Founded in 1988 by a Columbia University computer science professor, David E. Shaw, D.E. Shaw was a pioneer in the use of sophisticated data mining to uncover pricing anomalies in markets. The trading algorithms D.E. Shaw uses are a closely guarded secret, and the firm’s employees in its early years were even discouraged from divulging to family what they did for a living—or even where they worked.
The firm, headquartered in a midtown Manhattan skyscraper, has since expanded beyond its roots as a quantitative shop and, like Millennium Management, employs a variety of investing styles, making it one of the most successful multi-strategy firms. With Shaw having stepped back from the firm’s day-to-day operations to focus on molecular dynamics in the early 2000s, the firm now is run by a committee of six executives overseeing not only quant strategies—a math-based approach intended to outperform the broader market—but distressed credit, real estate, energy trading, and private equity funds.
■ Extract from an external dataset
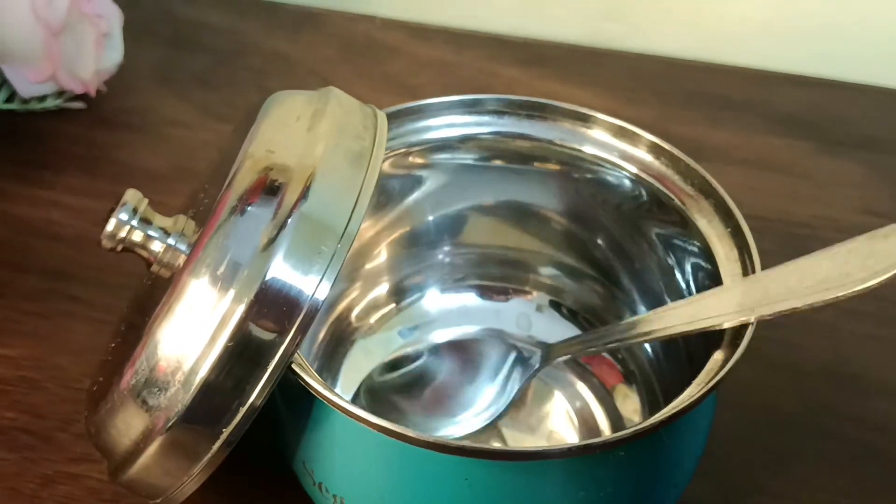It has a lid, and you also get a very cute spoon and a bowl with it. One thing to note is that the paint is a little bit affected over time. Size-wise it is very good because we use ghee daily. We keep it in a container, and it can be a little difficult otherwise. You can keep this pot in your kitchen and use it regularly.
In 2001, Tudor Investment Corp. President David Siegel and his chief financial officer, Mark Pickard, teamed up with a quant-focused executive from Amazon named John Overdeck. Together, and with the backing of Tudor itself, the trio launched New York-based Two Sigma Investments, applying scientific processes to portfolio management. The quantitative approach was utilized in a suite of funds—fundamental, event-driven, technical, and even one that systematically solicits feedback from Wall Street’s sell side, or the firms that sell products and services to investors.
Two Sigma, with over 250 doctorate holders, incorporated machine learning, distributed computing, and artificial intelligence throughout its investing process. As a group, Two Sigma hedge funds have never lost money in a calendar year. And the firm is using its massive computers to branch into a variety of other areas, including venture capital, private equity, market-making, and insurance.
Farallon, named for a group of barren Pacific islands off the coast of San Francisco, was founded in 1986 by Tom Steyer, a former Goldman Sachs mergers arbitration trader and Morgan Stanley mergers and acquisitions banker. Steyer considered himself a fundamental value investor and not a trader. And indeed, Farallon’s average holding period was as long as five years, an eternity by hedge fund standards.
Since Steyer stepped back from Farallon in 2012 to pursue political activism, including a 2020 presidential run, Farallon has been run by long-time associate Andrew Spokes. Today the firm pursues a variety of strategies, including credit, long-short equity, real estate, direct investments in illiquid situations as well as merger and other kinds of risk arbitrage, a strategy often used to speculate on whether a corporate takeover will be completed.
Citadel founder Kenneth C. Griffin started his career by trading convertible bonds from his undergraduate dorm room at Harvard University. Early on, the firm drew the ire of investors by limiting their ability to withdraw capital. The restrictions, however, were beneficial to both Citadel and its investors after the 1998 collapse of Long-Term Capital Management. Griffin, with access to capital, was able to buy distressed undervalued securities that rival hedge funds were forced to dump.
During the financial crisis, Citadel was particularly hard hit, losing 55% in 2008, much more than rivals. It was only able to fully recover and start earning its performance fee in 2012. Griffin has diversified over the years, establishing a market making brokerage and starting a reinsurance subsidiary to backstop losses for insurers.
Hedge funds, often criticized as taking undue risk, actually use a variety of strategies to generate profits, ranging from dedicated short-selling to merger arbitrage to global macro. Taken together, hedge funds can aid diversification and lower the risk inherent in the stock and bond markets, making them a useful tool for professional and institutional investors alike.